Preciso la domanda. Il mio dubbio era su “Michele per giudicare”. In questa raffigurazione che dà Daniele Michele è semplicemente visto come il capo dell’esercito celeste che giuda la liberazione finale. Il giudizio finale spetta a Dio.

“Concordo nella parte finale ma dai documenti che parlano dei farisei e degli esseni specie di Giuseppe Flavio, nel libro XIII delle sue Antichità, dice che i farisei credevano nella metempsicosi; e gli esseni, dice sempre Giuseppe, la consideravano immortale: le anime, secondo loro, scendevano in forma aerea nei corpi, dalla più alta regione dell'aria;”

Scusa ma non vedo cosa c’entri con la mia domanda, mio hai solo ripetuto le dottrine dei farisei, io ti ho chiesto da dove avresti evinto che le abbiano prese dai greci.
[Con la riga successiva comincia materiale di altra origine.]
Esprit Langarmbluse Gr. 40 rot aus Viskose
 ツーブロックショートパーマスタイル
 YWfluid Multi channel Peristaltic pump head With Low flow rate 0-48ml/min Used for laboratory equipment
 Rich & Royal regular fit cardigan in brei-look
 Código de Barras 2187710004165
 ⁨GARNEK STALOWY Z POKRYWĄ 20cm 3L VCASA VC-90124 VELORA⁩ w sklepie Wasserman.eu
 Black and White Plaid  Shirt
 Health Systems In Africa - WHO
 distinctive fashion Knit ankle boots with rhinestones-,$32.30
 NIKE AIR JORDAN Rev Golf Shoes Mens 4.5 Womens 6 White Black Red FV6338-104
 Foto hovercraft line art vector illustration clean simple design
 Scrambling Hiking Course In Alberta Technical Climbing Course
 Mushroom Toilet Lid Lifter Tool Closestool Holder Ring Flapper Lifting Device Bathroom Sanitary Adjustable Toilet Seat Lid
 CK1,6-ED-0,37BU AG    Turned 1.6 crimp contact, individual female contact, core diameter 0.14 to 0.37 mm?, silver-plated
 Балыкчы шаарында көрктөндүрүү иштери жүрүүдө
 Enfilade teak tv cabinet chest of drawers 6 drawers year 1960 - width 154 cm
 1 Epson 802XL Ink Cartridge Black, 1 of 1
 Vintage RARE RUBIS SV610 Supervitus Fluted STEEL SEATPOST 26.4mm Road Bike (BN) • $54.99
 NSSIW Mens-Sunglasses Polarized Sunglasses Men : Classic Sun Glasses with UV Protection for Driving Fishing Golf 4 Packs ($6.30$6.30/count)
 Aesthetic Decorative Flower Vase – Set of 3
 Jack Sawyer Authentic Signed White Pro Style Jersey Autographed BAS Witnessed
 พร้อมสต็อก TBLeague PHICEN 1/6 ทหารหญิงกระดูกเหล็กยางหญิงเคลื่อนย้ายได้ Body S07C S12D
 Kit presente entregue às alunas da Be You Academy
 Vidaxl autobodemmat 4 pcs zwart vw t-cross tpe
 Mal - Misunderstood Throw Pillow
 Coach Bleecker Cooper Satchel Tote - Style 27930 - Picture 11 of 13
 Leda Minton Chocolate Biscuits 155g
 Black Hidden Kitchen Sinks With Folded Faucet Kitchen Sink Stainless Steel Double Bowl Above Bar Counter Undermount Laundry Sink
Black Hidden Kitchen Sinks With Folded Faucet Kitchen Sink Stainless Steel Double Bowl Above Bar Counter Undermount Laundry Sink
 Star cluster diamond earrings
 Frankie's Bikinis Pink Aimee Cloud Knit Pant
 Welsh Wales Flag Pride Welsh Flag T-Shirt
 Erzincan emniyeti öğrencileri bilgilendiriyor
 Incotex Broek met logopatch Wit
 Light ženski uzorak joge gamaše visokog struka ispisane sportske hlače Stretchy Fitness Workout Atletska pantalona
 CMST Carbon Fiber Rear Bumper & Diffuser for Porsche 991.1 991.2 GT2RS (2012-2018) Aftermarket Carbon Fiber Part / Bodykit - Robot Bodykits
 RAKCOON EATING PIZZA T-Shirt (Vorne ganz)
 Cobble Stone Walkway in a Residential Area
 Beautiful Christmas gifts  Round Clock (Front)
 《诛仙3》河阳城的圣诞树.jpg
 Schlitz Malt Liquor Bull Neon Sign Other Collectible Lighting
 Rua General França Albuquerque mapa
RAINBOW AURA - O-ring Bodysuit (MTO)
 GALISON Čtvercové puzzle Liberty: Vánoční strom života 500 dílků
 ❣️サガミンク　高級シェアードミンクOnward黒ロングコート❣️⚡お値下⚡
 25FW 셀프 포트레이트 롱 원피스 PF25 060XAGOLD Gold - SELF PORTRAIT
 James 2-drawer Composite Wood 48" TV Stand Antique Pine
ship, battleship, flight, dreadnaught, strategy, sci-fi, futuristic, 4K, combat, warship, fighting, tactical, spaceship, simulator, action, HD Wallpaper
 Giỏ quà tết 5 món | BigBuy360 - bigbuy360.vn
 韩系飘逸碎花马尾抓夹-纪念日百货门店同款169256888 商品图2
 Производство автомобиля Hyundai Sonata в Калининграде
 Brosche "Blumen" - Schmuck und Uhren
Inoltre che i farisei credessero alla metempsicosi(cioè alla reincarnazione) mi suona nuovo.

“I deuterocanonici furono scritti quando gli esseni e i farisei divulgavano le loro dottrine, studiando questi libri si evince la teologia ebraica dell'epoca, anche se sappiamo non essere uniforme, ricordiamo infatti i Sadducei che non credevano ne all'anima immortale ne alla resurrezione”

Questo lo sappiamo già, ma la mia domanda era come dal fatto che i deuterocanonici parlino di queste dottrine si possa evincere il fatto che i farisei le abbiano prese dai greci visto che i farisei notoriamente non accettavano questi libri.

“Per quanto riguarda Siracide forse ti è sfuggito questo passo:”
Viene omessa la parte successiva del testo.